- _Your task_: Emit a verbatim copy of the lines below from the line with "Bluza z kapturem Never Let Anyone" through the line with "what is the", excluding pictures and everything outside that range.

- _Working data_:

#####

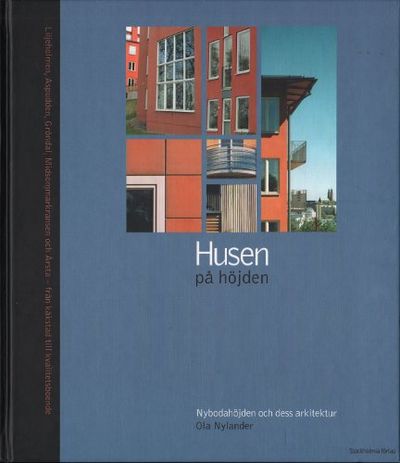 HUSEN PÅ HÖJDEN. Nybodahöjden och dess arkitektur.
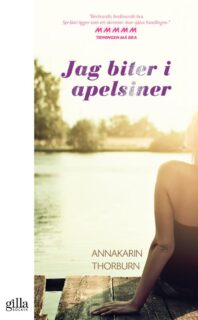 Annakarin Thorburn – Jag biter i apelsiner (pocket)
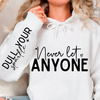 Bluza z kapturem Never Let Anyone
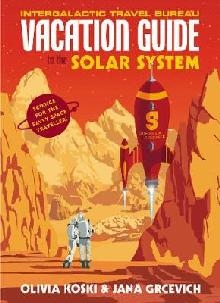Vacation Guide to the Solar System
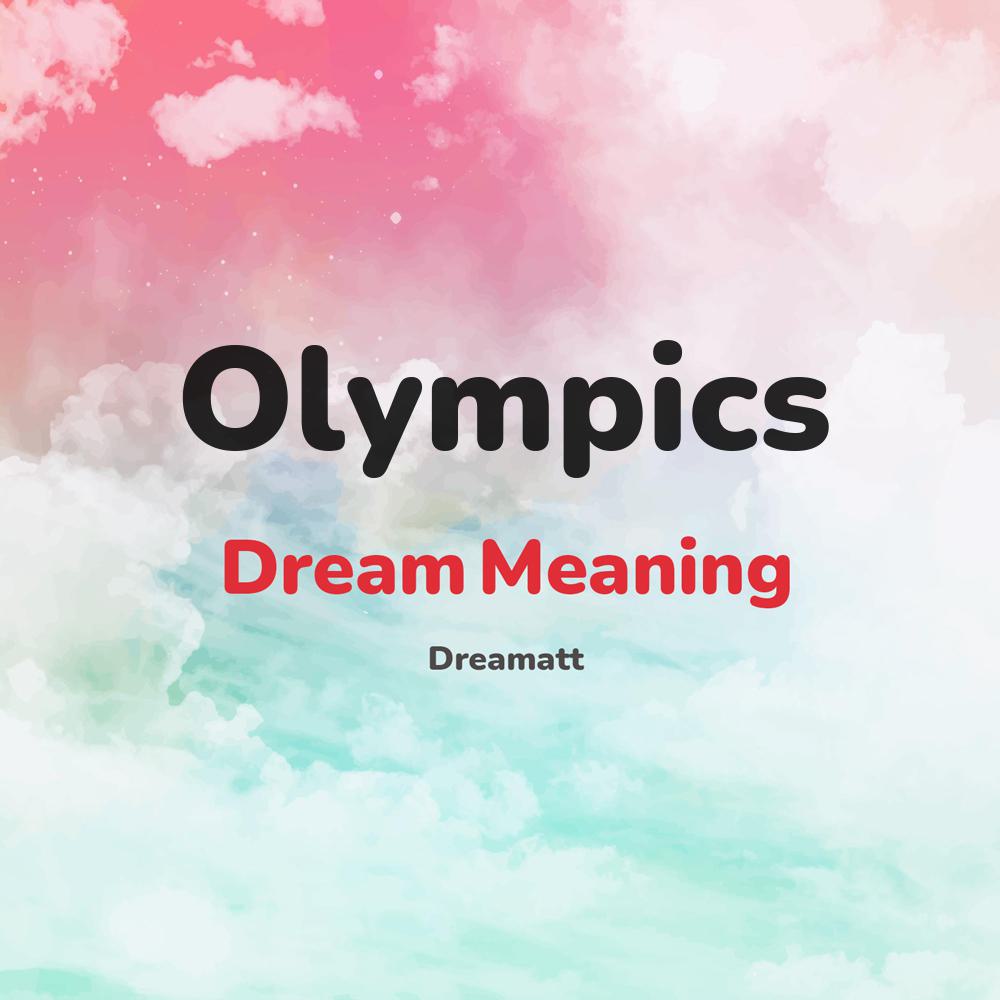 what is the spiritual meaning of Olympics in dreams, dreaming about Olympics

#####

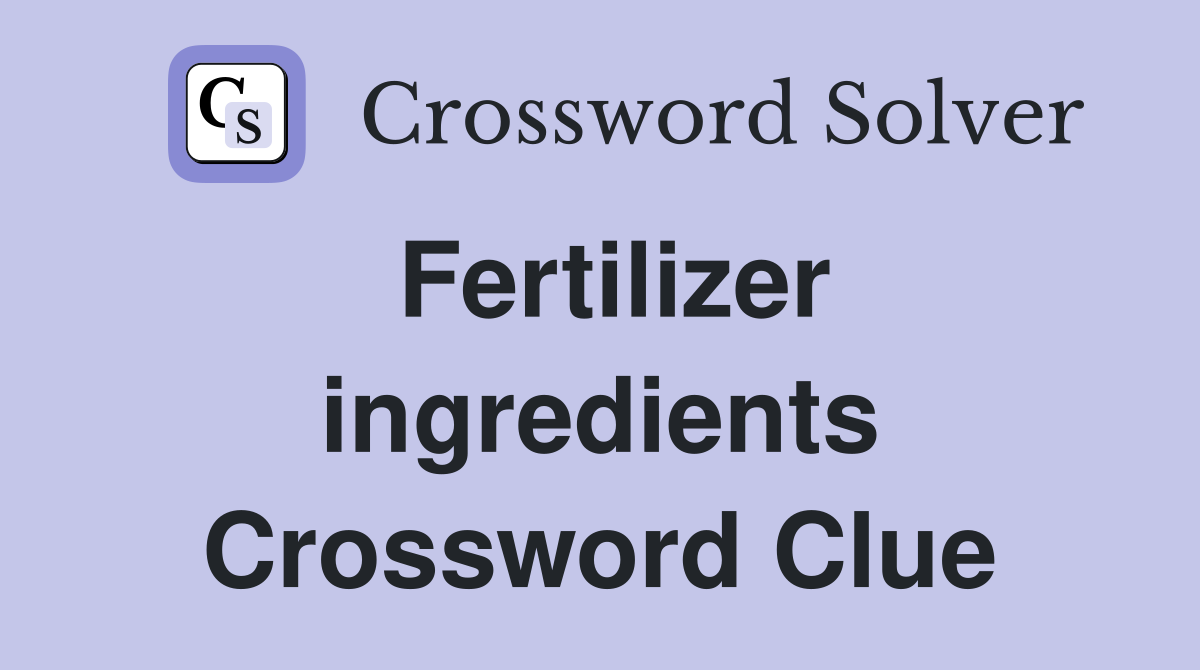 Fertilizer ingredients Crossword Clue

#####

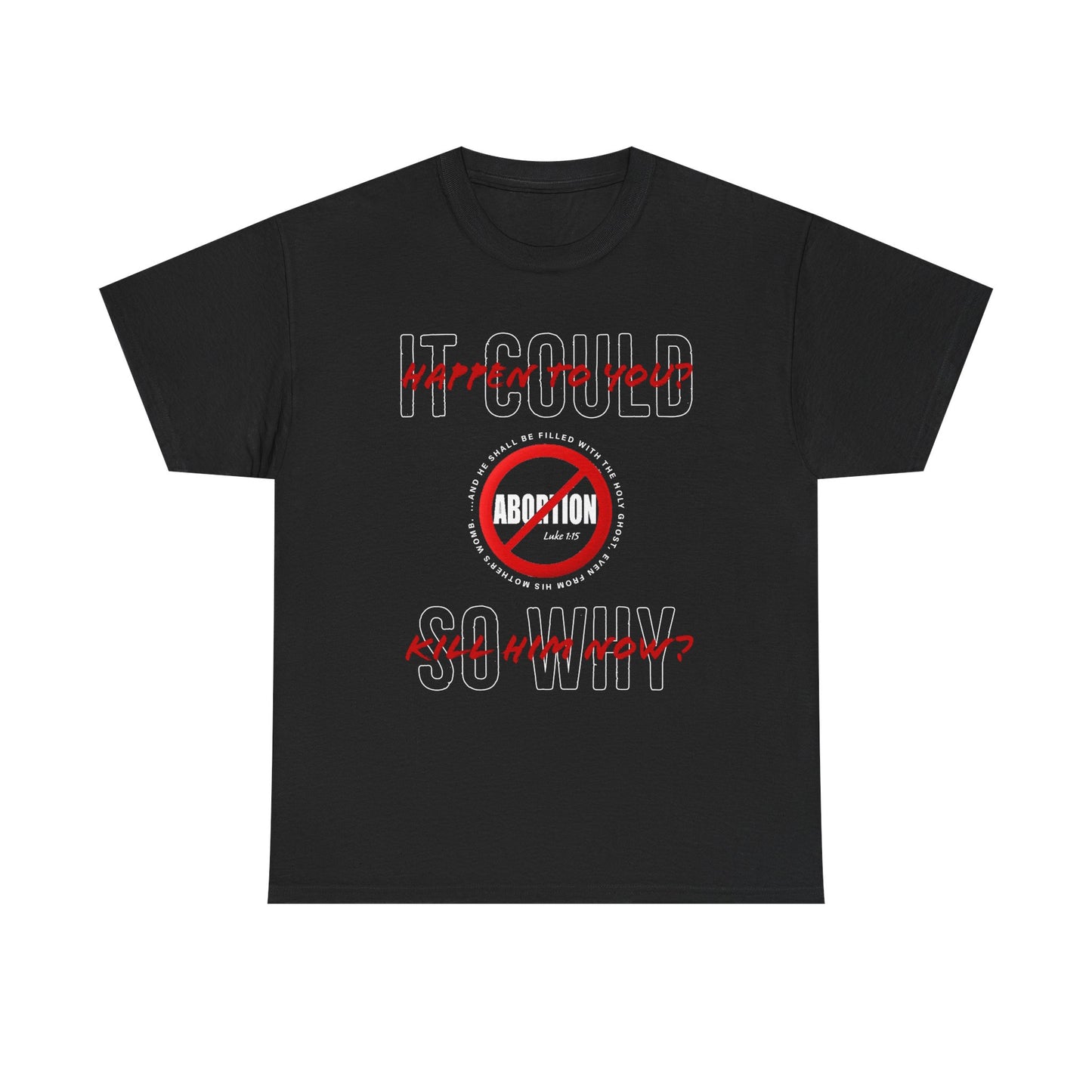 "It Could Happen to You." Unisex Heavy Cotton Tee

#####

- _Answer_:
 Bluza z kapturem Never Let Anyone
Vacation Guide to the Solar System
 what is the spiritual meaning of Olympics in dreams, dreaming about Olympics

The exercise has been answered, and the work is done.